Kepada awak media, Sabtu (20/12/2025), Dewi menilai kasus ini sarat kejahatan hukum yang dilakukan secara sistemik dan melibatkan banyak pihak, namun hingga kini belum terlihat pembahasan serius terkait sanksi terhadap oknum-oknum yang terlibat.
“Ini belum menyentuh soal pertanggungjawaban hukum. Padahal ada banyak pihak yang harus dimintai sanksi, mulai dari polisi yang mengkomando penangkapan, polisi yang melakukan salah tangkap, pihak yang memfitnah korban, hingga bidan yang melakukan pemeriksaan paksa,” tegas Halimah, sapaan akrabnya.
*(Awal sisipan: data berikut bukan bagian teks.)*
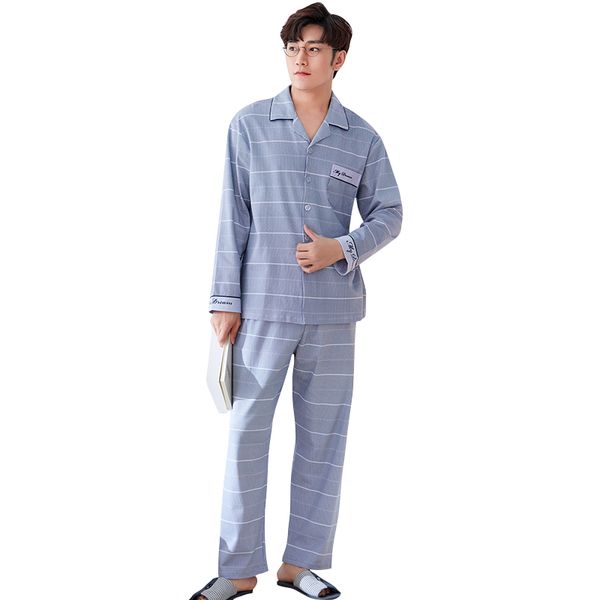 

men's pajamas spring autumn pijama long sleeve sleepwear cotton striped cardigan pyjamas men lounge pajama sets plus size nighty, Black;brown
Menurutnya, pemeriksaan genital yang dilakukan tanpa persetujuan korban, tanpa indikasi medis, serta disertai unsur paksaan dan kekerasan, merupakan bentuk kekerasan seksual yang jelas diatur dalam Undang-Undang Nomor 12 Tahun 2022 tentang Tindak Pidana Kekerasan Seksual (TPKS).
“Dalam UU TPKS, tindakan tersebut sudah dikualifikasikan sebagai kekerasan seksual, apalagi dilakukan oleh orang-orang yang memiliki kuasa, yakni aparat kepolisian dengan melibatkan tenaga kesehatan. Ini ancaman pidana berlapis,” jelasnya.
Dewi menegaskan bahwa penggunaan kewenangan negara untuk melakukan pemeriksaan intim paksa terhadap perempuan tanpa dasar hukum dan medis merupakan bentuk penyalahgunaan kekuasaan yang sangat serius. Dan, justru seharusnya menjadi pelindung, bukan pelaku kekerasan.
Dirinya, juga menyoroti peran bidan yang melakukan pemeriksaan genital secara paksa. Menurutnya, tenaga kesehatan tidak bisa berlindung di balik perintah aparat, karena kode etik dan hukum tetap mengikat secara profesional dan pidana.
“Bidan yang melakukan pemeriksaan genital tanpa persetujuan korban jelas melanggar kode etik profesi. Konsekuensinya bisa pidana, pencabutan STR atau SIP, hingga sanksi etik dari organisasi profesi,” ujarnya.
Lebih jauh, ia berharap kasus ini menjadi cambuk keras bagi aparat penegak hukum dan tenaga kesehatan agar tidak bertindak sewenang-wenang atas nama penegakan hukum.
“Perempuan bukan objek pemeriksaan paksa. Tubuh perempuan bukan alat pembuktian yang bisa diperlakukan semena-mena. Jika ini dibiarkan, maka negara sedang membiarkan kekerasan seksual dilakukan oleh aparatnya sendiri,” pungkasnya.
Kasus ini dinilai sebagai ujian serius bagi komitmen penegakan hukum, perlindungan HAM, serta keberpihakan negara terhadap korban, khususnya perempuan yang menjadi korban kekerasan berbasis kekuasaan.
Jadi, sekali lagi saya menegaskan harus ada
sanksi buat bidan dan oknum polisi yang mengkomando untuk ditangkap, yang laporan dugaan ternyata fitnah, yang melakukan penangkapan tanpa prosedur. Hukum harus tegak, menegakkan supremasi hukum. Tidak bisa dibeli, sehingga kepercayaan masyarakat ke kepolisian meningkat. Bukan justru menurun,” tandasnya.